Short web captions:
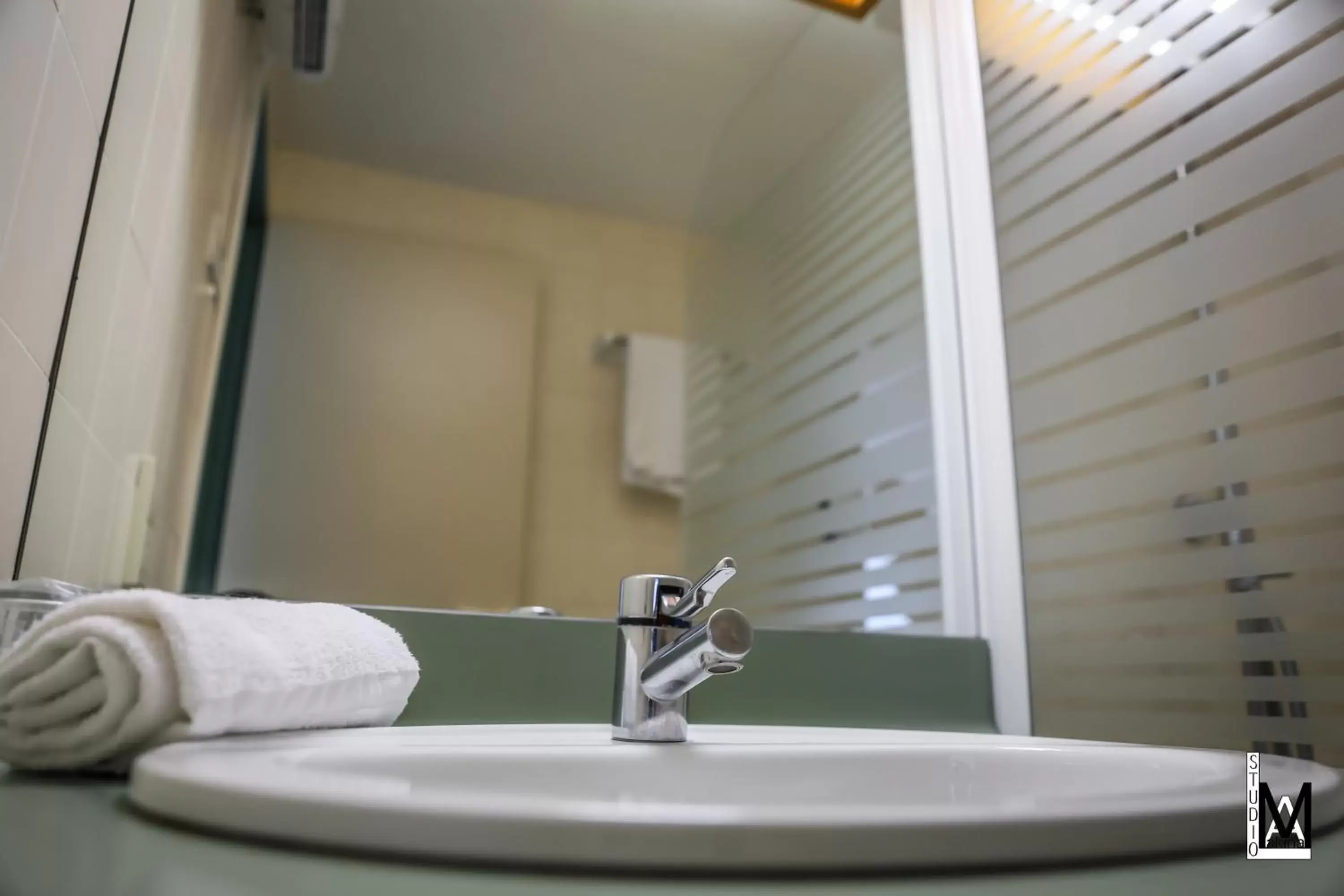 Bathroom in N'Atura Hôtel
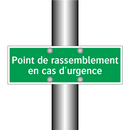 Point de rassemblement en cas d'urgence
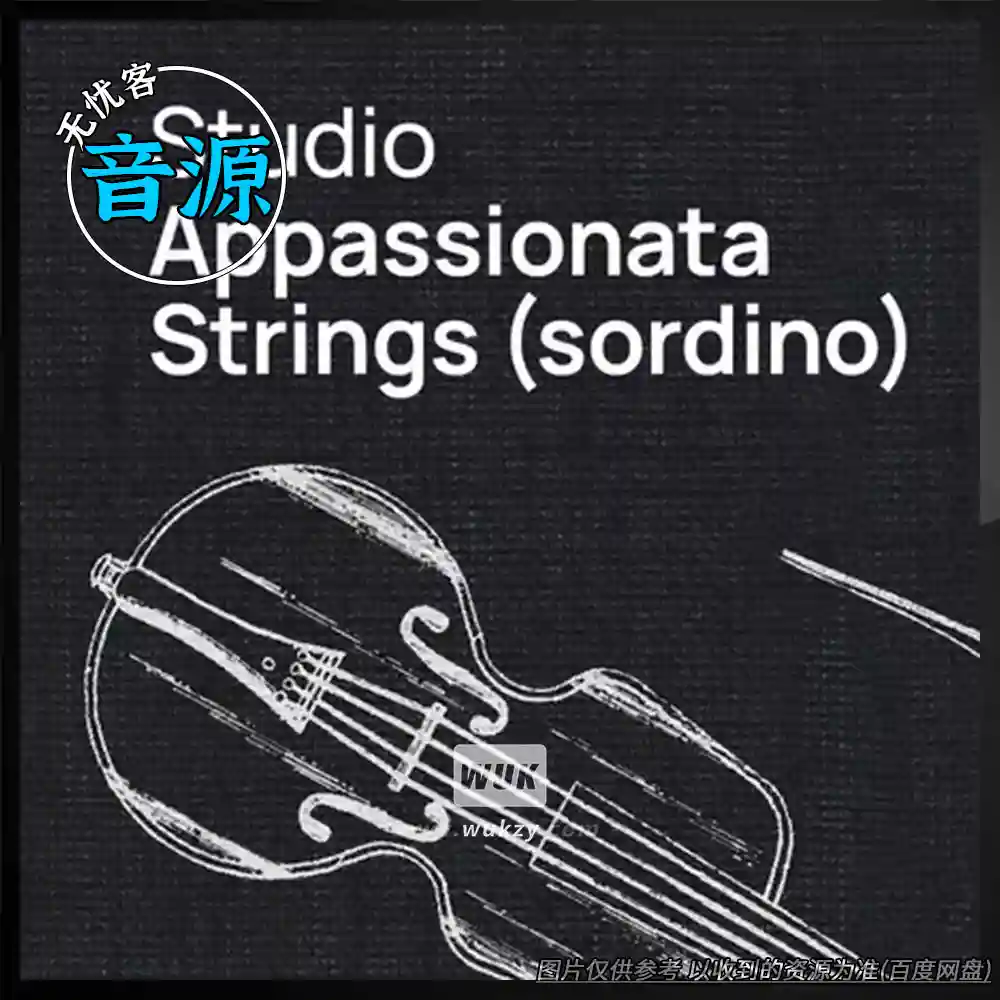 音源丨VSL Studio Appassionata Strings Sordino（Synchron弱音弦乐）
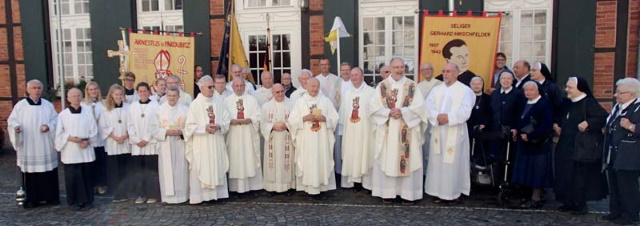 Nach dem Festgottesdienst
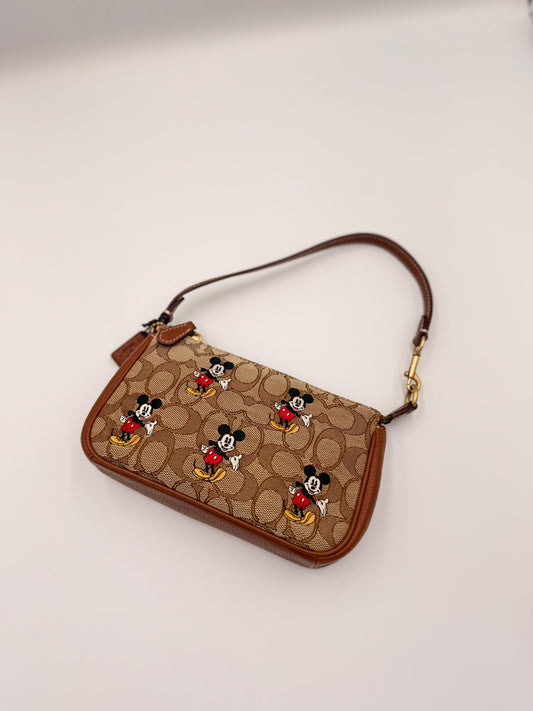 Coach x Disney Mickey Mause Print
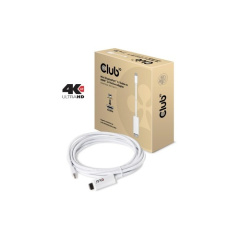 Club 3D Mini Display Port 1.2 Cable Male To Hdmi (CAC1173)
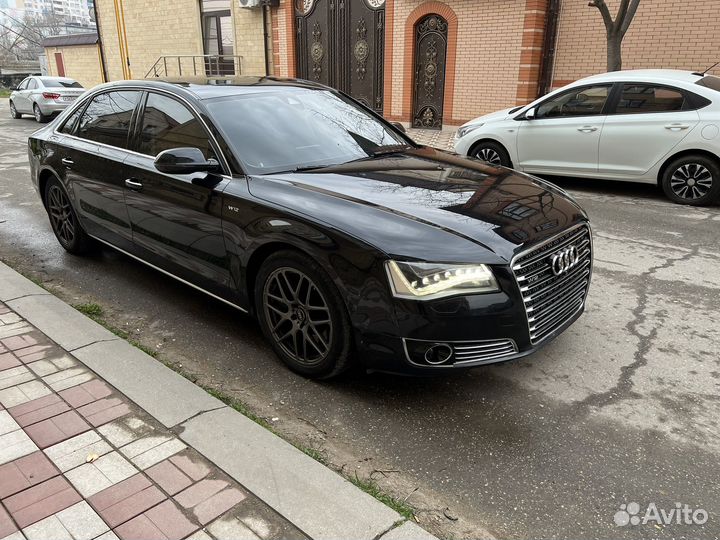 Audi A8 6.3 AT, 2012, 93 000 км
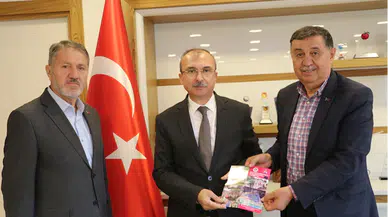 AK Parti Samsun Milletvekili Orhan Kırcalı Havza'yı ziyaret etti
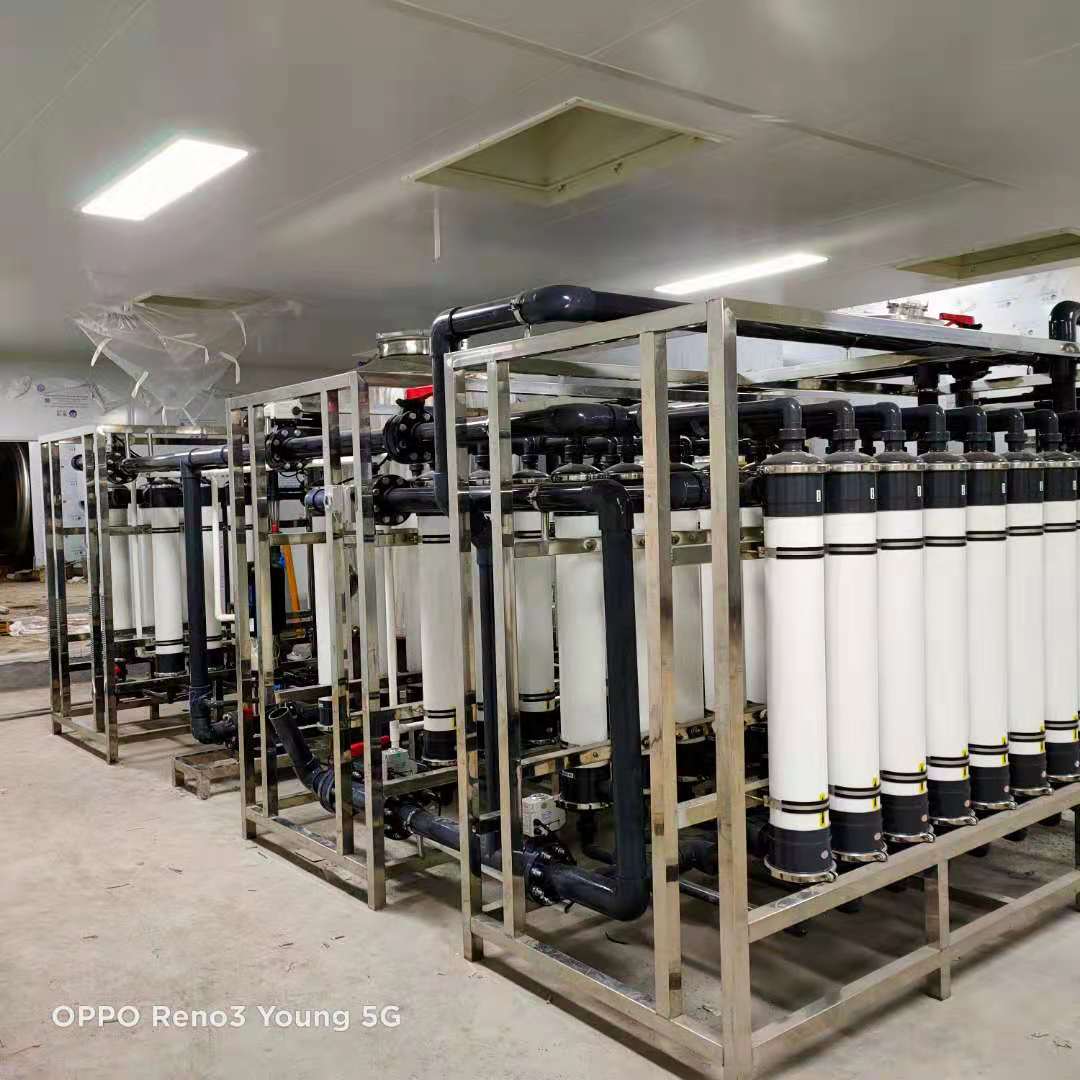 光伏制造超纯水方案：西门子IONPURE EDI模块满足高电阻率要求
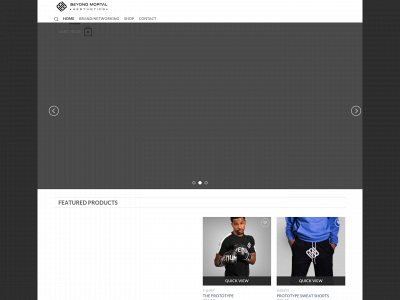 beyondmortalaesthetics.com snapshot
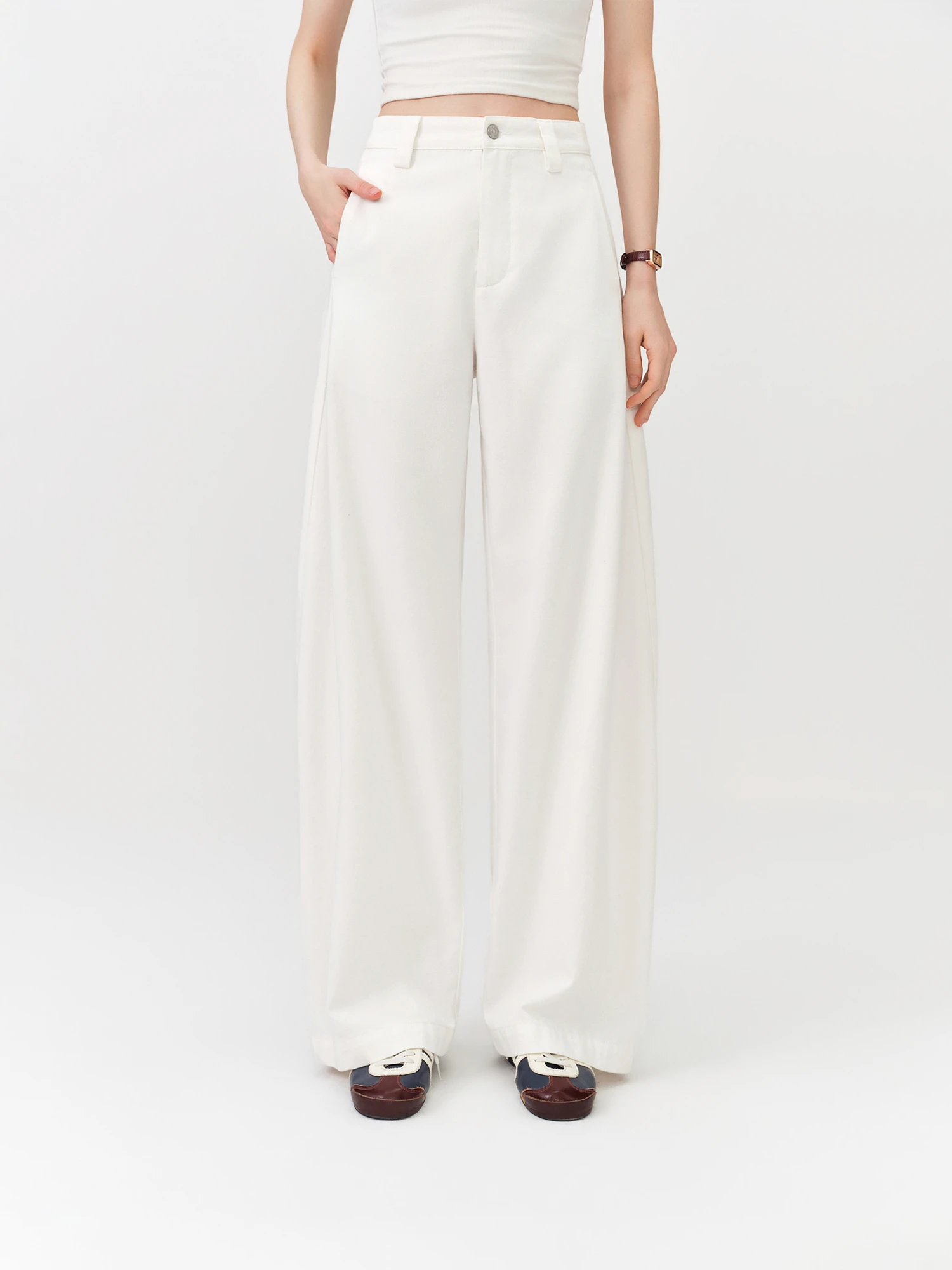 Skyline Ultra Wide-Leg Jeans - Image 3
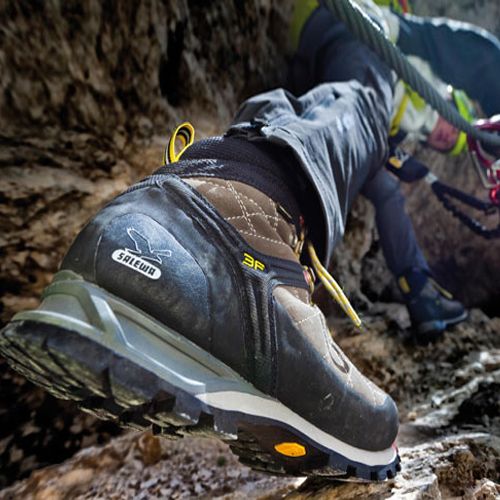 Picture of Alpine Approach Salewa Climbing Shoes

:: TASK TO CARRY OUT ::
Your task is to set down exactly the lines that run from the line holding "音源丨VSL Studio Appassionata" through the close of the entries, including both ends. Pictures stay out.

:: RESPONSE AREA ::
 音源丨VSL Studio Appassionata Strings Sordino（Synchron弱音弦乐）
 Nach dem Festgottesdienst
 Coach x Disney Mickey Mause Print
 Club 3D Mini Display Port 1.2 Cable Male To Hdmi (CAC1173)
 Audi A8 6.3 AT, 2012, 93 000 км
 AK Parti Samsun Milletvekili Orhan Kırcalı Havza'yı ziyaret etti
 光伏制造超纯水方案：西门子IONPURE EDI模块满足高电阻率要求
 beyondmortalaesthetics.com snapshot
 Skyline Ultra Wide-Leg Jeans - Image 3
 Picture of Alpine Approach Salewa Climbing Shoes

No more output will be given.